Quand on veut le Bien absolu, c’est dangereux ?
Quand on est convaincu qu’il n’y a qu’une vérité : celle de mon Dieu, celle de mon chef ou la mienne, on devient dangereux. Dès l’instant où on a un choix entre une vérité ou peut-être une autre, on a un doute, on a un débat, donc on a un degré de liberté. Et là on n’est pas totalité. Alors que quand on est convaincu qu’il y a une seule vérité, on devient totalitaire.

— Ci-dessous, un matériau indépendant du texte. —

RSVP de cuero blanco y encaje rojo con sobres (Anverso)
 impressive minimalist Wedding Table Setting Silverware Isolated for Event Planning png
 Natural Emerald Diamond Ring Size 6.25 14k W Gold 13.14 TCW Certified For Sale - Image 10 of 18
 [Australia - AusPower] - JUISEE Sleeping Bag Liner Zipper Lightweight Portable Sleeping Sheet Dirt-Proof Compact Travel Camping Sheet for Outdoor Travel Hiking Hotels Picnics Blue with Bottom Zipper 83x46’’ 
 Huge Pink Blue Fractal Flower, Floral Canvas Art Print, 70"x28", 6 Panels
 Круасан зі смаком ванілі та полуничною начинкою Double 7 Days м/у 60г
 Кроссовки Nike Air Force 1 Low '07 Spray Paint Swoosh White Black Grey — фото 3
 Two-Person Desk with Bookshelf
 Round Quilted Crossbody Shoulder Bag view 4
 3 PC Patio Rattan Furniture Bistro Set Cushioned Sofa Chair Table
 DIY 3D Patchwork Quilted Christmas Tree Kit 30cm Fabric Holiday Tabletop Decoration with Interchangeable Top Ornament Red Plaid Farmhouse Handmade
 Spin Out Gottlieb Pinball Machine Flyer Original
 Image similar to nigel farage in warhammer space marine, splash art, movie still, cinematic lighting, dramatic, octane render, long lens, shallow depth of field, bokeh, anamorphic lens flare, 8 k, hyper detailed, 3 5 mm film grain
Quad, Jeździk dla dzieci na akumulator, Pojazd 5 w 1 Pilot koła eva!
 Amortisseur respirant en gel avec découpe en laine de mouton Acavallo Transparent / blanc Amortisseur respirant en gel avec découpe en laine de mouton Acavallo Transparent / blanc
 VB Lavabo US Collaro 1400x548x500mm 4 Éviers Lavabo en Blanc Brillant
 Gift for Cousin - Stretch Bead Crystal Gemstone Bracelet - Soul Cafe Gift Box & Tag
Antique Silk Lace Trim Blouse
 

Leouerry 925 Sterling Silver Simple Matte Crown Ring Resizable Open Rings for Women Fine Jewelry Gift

Beaucoup de chefs d’Etats, dont Emmanuel Macron, président français, vont commémorer la libération d’Auschwitz. La résilience au sens collectif, est-ce qu’elle existe ?
Oui, forcément. Bien sûr. Parce qu’il y a des groupes qui tiennent le coup, qui s’entraident ; et le mot clé de la résilience collective c’est solidarité et sens. Si on est persécuté, on se rassemble pour ne pas mourir et pour mieux se défendre. Et sens : il faut donner sens à cette persécution : « pourquoi est-ce qu’ils nous persécutent ? Comment est-ce qu’on va faire pour s’en sortir ? » (et) Et à ce moment-là, le sens qu’on donne aux choses, aux évènements, modifie la manière dont on les éprouve. Primo Levii n’avait pas de sens, il ne comprenait pas pourquoi il était là. Beaucoup de gens mouraient. C’étaient les premiers, ceux qui n’arrivaient pas à donner sens à Auschwitz. Ceux qui donnaient sens, parce qu’ils avaient été résistants, parce qu’ils rêvaient de se remettre à vivre… Ceux-là pouvaient affronter une horreur immense. La manière dont on donne sens aux choses, modifie le ressenti, la manière dont on les éprouve.
Dans ces moments d’arrestation par la Gestapo, il y a beaucoup en gestation ce que vous allez comprendre plus tard. La beauté par exemple. L’importance de voir des choses belles. Vous un petit gamin de 6ans, mais la beauté de la synagogue où vous êtes, la beauté de certaines scènes…ça vous a aidé
Les enfants sont très tôt sensibles à la beauté : des couleurs, des images, des chansons, des gestes. Très tôt, avant la parole, ils sont très sensibles à la beauté. Et Germaine Tillion, qui a été internée à Ravensbruck, veut mourir tellement c’est difficile pour elle. Elle sort pour se suicider, et elle voit le bleu du Ciel, l’hiver. Et elle dit : « ce bleu du ciel est tellement beau, que je ne peux pas mourir ». Et elle rentre, et là, elle entreprend une folie : écrire un opéra. Et elle prend un Offenbach, un juif, et elle transforme un opéra d’Offenbach – qui a été joué au Châtelet à Paris – et tout le monde, tous les détenus avec elle, les co-détenus pouffent de rire avec elle en répétant Verfügbar aux Enfers.